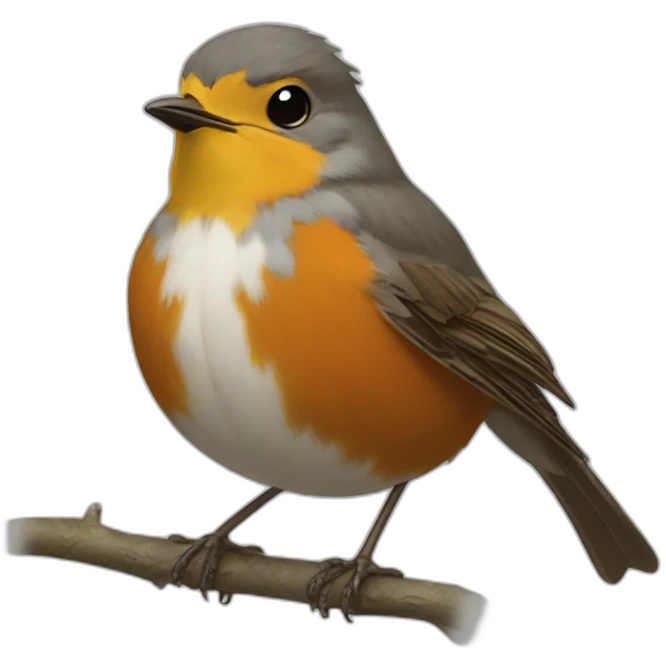 Robin Electric emoji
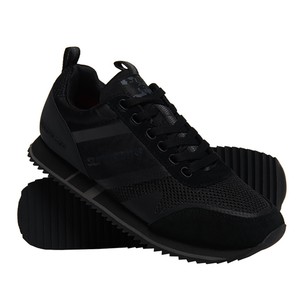 superdry black shoes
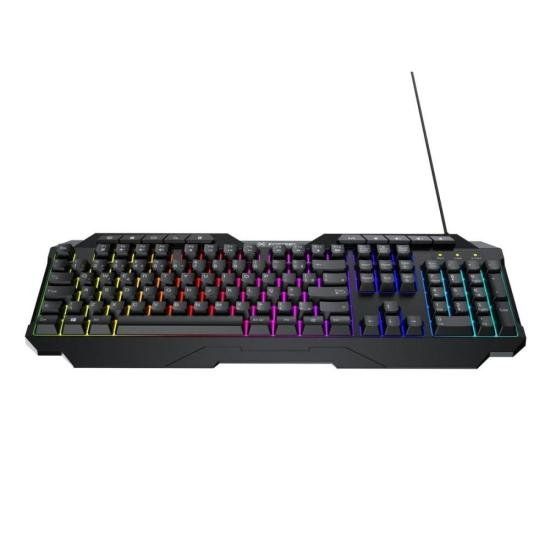 Teclado Fortrek Gamer Multimidia Shortcut Preto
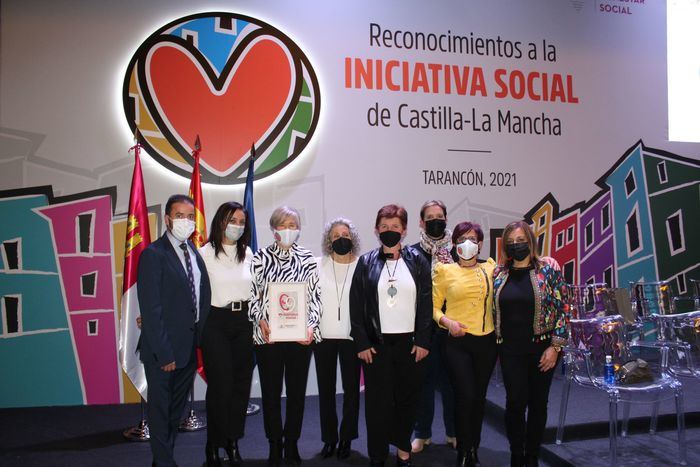 La vivienda de mayores de Iniesta recoge el reconocimiento a la Iniciativa Social de Castilla-La Mancha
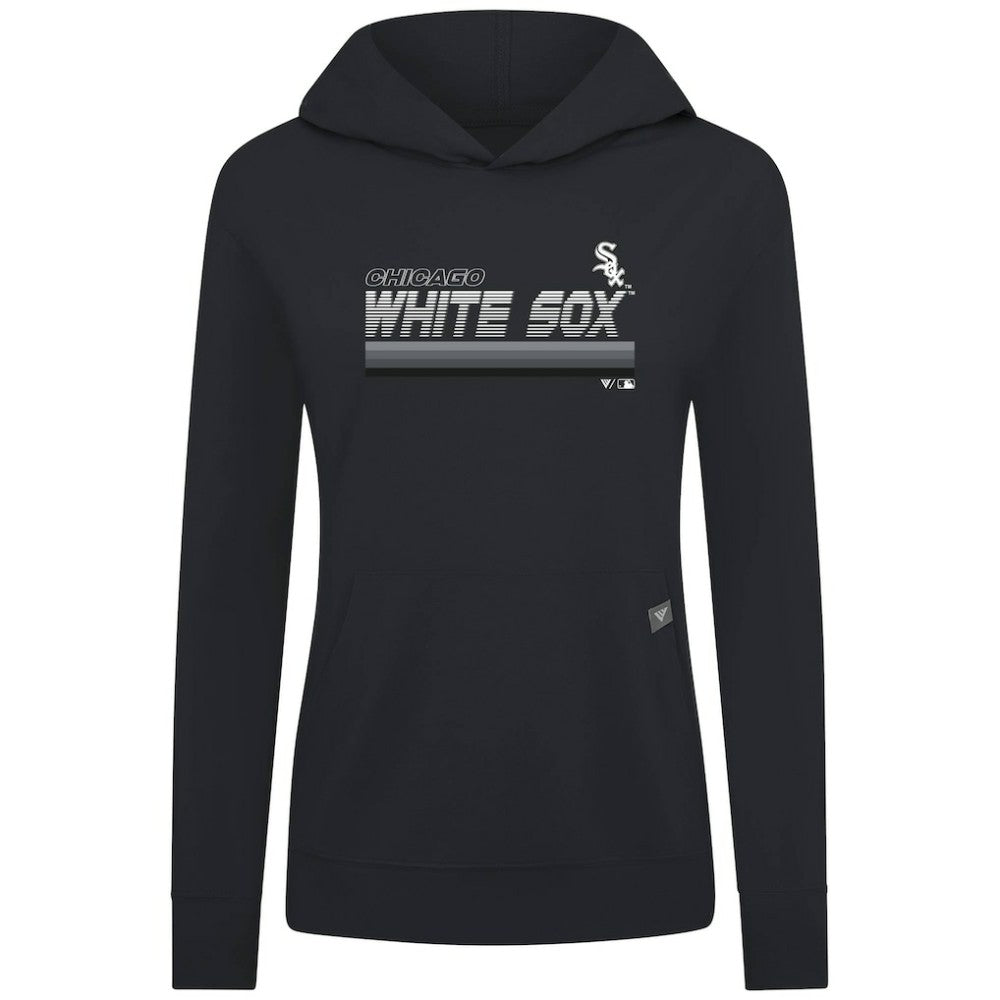 Chicago White Sox Levelwear Women's Relay Breaker Pullover Hoodie - MLB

══════════

Task details:
In the reply, each line of the data must appear exactly as written, and no picture may appear.

Response to the exercise:
 Robin Electric emoji
 superdry black shoes
 Teclado Fortrek Gamer Multimidia Shortcut Preto
 La vivienda de mayores de Iniesta recoge el reconocimiento a la Iniciativa Social de Castilla-La Mancha
 Chicago White Sox Levelwear Women's Relay Breaker Pullover Hoodie - MLB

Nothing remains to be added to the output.